#### TASK INSTRUCTIONS:
Reproduce, without any change, the span of lines from the opening of the records below to the line containing "Colorful wall with", inclusive.

Crawled caption data:
————————
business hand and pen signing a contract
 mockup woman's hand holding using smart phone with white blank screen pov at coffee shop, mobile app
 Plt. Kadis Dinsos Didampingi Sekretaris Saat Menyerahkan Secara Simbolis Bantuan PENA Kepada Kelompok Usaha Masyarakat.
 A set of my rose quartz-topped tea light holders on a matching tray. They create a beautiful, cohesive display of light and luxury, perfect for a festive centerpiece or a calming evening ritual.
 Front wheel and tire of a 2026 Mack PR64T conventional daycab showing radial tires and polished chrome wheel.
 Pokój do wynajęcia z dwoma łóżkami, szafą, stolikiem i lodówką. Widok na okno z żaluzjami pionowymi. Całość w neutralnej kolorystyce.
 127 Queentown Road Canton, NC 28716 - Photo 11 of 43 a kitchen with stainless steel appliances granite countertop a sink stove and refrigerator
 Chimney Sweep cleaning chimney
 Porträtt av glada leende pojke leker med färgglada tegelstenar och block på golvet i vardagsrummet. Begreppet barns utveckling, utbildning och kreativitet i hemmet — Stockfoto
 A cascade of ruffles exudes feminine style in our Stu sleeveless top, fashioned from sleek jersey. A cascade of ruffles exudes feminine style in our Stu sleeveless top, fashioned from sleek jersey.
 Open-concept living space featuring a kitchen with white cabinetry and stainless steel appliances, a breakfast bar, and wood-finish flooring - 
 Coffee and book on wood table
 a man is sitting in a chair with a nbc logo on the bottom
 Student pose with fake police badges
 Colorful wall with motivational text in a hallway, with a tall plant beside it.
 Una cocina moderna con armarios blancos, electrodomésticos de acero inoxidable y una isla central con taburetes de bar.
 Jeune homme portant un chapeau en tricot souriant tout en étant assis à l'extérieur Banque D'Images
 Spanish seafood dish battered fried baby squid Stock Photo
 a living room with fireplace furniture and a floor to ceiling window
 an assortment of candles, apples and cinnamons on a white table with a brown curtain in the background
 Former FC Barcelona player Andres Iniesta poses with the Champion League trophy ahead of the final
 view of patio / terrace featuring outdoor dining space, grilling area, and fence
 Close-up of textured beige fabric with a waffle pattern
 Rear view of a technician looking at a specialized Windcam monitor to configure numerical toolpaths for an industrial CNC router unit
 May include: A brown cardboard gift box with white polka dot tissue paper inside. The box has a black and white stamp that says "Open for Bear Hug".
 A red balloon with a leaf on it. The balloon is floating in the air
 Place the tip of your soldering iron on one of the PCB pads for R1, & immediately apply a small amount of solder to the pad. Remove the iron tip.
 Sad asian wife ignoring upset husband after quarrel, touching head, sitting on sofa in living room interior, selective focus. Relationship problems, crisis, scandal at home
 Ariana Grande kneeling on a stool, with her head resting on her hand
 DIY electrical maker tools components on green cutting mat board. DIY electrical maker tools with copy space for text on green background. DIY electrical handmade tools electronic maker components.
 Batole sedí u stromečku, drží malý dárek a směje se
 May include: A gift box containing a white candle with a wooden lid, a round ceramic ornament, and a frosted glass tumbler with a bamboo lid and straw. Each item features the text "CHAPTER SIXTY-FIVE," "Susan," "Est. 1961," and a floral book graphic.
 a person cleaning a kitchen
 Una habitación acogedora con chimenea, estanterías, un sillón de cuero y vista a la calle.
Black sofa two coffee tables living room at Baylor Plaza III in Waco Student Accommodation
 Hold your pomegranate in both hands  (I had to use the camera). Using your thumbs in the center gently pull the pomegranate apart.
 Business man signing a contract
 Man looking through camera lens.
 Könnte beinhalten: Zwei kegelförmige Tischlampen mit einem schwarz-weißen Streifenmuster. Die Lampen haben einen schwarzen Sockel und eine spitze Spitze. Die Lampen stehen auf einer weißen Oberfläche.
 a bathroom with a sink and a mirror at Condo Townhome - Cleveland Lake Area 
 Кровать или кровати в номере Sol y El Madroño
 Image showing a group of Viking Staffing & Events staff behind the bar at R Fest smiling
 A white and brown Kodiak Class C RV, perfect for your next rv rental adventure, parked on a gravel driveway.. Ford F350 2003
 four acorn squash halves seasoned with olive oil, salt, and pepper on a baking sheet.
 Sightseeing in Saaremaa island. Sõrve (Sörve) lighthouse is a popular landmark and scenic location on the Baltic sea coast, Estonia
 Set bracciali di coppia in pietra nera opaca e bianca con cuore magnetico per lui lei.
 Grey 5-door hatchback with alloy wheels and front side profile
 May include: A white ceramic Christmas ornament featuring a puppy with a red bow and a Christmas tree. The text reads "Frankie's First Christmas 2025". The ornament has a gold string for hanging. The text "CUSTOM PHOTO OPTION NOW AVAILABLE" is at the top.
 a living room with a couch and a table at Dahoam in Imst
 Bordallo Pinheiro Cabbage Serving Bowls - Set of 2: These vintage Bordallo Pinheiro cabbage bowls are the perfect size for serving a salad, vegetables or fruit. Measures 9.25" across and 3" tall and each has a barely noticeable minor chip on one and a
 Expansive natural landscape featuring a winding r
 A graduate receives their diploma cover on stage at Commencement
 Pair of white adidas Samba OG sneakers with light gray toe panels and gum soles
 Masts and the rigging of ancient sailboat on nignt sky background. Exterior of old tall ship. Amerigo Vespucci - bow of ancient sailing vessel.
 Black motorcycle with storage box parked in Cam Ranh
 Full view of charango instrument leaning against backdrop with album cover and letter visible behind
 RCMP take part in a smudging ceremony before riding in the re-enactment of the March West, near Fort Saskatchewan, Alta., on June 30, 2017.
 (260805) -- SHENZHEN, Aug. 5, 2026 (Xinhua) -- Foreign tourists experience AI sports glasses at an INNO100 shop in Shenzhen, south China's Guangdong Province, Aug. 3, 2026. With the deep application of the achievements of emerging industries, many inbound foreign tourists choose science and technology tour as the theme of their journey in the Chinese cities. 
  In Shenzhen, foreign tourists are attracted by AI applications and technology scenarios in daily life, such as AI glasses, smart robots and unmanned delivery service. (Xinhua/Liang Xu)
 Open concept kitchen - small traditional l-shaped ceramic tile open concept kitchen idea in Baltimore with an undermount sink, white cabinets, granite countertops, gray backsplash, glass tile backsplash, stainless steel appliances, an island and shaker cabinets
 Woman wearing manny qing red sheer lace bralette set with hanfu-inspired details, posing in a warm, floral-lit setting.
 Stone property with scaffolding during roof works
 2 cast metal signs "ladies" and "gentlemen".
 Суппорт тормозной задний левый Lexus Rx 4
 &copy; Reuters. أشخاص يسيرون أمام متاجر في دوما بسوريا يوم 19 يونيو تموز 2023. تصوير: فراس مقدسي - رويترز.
————————
#### RESULT OF THIS EXERCISE:
business hand and pen signing a contract
 mockup woman's hand holding using smart phone with white blank screen pov at coffee shop, mobile app
 Plt. Kadis Dinsos Didampingi Sekretaris Saat Menyerahkan Secara Simbolis Bantuan PENA Kepada Kelompok Usaha Masyarakat.
 A set of my rose quartz-topped tea light holders on a matching tray. They create a beautiful, cohesive display of light and luxury, perfect for a festive centerpiece or a calming evening ritual.
 Front wheel and tire of a 2026 Mack PR64T conventional daycab showing radial tires and polished chrome wheel.
 Pokój do wynajęcia z dwoma łóżkami, szafą, stolikiem i lodówką. Widok na okno z żaluzjami pionowymi. Całość w neutralnej kolorystyce.
 127 Queentown Road Canton, NC 28716 - Photo 11 of 43 a kitchen with stainless steel appliances granite countertop a sink stove and refrigerator
 Chimney Sweep cleaning chimney
 Porträtt av glada leende pojke leker med färgglada tegelstenar och block på golvet i vardagsrummet. Begreppet barns utveckling, utbildning och kreativitet i hemmet — Stockfoto
 A cascade of ruffles exudes feminine style in our Stu sleeveless top, fashioned from sleek jersey. A cascade of ruffles exudes feminine style in our Stu sleeveless top, fashioned from sleek jersey.
 Open-concept living space featuring a kitchen with white cabinetry and stainless steel appliances, a breakfast bar, and wood-finish flooring - 
 Coffee and book on wood table
 a man is sitting in a chair with a nbc logo on the bottom
 Student pose with fake police badges
 Colorful wall with motivational text in a hallway, with a tall plant beside it.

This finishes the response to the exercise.